[Opening Material shown section]

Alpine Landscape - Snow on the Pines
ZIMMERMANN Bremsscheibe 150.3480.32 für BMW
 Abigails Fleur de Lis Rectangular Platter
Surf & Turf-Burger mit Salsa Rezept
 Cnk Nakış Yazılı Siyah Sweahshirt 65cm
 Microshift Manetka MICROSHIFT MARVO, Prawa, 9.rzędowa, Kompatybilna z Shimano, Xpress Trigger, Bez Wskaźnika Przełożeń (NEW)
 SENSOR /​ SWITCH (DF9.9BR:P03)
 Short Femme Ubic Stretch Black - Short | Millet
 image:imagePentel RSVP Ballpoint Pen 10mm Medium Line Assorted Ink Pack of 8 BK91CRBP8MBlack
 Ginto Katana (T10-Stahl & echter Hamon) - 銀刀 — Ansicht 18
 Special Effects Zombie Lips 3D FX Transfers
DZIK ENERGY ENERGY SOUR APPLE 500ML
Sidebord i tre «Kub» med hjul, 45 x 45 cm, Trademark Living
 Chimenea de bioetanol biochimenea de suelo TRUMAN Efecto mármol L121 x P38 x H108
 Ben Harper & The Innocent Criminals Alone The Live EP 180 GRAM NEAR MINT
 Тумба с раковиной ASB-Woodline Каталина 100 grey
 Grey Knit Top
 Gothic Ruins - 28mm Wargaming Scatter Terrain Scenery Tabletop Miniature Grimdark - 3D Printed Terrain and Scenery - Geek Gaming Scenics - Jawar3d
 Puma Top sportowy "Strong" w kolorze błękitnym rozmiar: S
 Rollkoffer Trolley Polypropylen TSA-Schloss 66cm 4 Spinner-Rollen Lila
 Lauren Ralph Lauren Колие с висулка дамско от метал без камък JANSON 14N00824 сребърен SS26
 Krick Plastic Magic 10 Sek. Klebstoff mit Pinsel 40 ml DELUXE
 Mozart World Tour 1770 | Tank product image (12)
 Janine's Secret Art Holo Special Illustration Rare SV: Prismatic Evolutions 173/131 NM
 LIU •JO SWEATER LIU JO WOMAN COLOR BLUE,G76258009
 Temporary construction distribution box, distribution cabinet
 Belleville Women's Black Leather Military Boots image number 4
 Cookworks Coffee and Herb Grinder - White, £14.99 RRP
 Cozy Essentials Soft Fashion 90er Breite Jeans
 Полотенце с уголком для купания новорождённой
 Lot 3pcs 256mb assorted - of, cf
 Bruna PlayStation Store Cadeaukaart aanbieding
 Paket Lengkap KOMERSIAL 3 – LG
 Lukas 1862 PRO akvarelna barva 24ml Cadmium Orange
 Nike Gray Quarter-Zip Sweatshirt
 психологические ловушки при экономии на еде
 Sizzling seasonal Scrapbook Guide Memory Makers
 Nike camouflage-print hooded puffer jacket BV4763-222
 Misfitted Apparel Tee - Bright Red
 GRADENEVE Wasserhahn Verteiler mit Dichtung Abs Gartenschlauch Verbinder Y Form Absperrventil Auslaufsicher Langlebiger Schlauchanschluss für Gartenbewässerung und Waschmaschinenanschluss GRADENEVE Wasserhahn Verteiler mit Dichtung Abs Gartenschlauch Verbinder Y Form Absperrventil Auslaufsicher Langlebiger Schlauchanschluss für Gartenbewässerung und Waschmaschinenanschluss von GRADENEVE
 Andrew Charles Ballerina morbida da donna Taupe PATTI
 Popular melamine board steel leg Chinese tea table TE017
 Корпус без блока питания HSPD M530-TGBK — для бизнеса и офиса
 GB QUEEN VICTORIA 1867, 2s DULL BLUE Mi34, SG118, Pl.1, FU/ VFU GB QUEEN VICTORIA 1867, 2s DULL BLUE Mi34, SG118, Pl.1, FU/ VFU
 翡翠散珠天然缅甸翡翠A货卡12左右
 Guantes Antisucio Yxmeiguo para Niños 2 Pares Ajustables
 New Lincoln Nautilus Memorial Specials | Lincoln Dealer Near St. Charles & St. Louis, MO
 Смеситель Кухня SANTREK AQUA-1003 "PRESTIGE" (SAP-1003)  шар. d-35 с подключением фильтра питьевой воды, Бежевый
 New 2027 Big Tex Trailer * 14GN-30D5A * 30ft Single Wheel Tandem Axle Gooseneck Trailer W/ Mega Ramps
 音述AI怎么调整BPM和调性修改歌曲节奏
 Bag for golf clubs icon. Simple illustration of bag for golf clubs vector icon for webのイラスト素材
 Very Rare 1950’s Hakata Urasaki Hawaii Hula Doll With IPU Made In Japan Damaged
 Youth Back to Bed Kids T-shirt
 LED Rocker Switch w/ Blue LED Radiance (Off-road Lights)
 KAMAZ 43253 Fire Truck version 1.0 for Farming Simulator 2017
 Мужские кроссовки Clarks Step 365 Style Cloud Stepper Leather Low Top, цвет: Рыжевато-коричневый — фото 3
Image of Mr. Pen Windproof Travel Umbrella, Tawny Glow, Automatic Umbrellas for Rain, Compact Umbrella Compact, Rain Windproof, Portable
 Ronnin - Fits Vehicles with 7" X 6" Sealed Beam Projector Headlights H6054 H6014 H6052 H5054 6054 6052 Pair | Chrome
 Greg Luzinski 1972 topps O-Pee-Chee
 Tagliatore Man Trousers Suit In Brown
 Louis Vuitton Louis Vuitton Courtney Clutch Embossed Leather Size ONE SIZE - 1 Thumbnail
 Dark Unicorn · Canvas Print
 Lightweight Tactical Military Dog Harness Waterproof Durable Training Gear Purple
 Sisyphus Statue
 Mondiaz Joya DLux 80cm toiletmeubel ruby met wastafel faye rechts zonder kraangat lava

[Closing Material shown section]

_Instructions to follow_. Your answer must be the lines above from the one containing "ZIMMERMANN Bremsscheibe 150.3480.32 für BMW" to the one containing "SENSOR /​ SWITCH (DF9.9BR:P03)", both included, restated word for word.

_Response_.
ZIMMERMANN Bremsscheibe 150.3480.32 für BMW
 Abigails Fleur de Lis Rectangular Platter
Surf & Turf-Burger mit Salsa Rezept
 Cnk Nakış Yazılı Siyah Sweahshirt 65cm
 Microshift Manetka MICROSHIFT MARVO, Prawa, 9.rzędowa, Kompatybilna z Shimano, Xpress Trigger, Bez Wskaźnika Przełożeń (NEW)
 SENSOR /​ SWITCH (DF9.9BR:P03)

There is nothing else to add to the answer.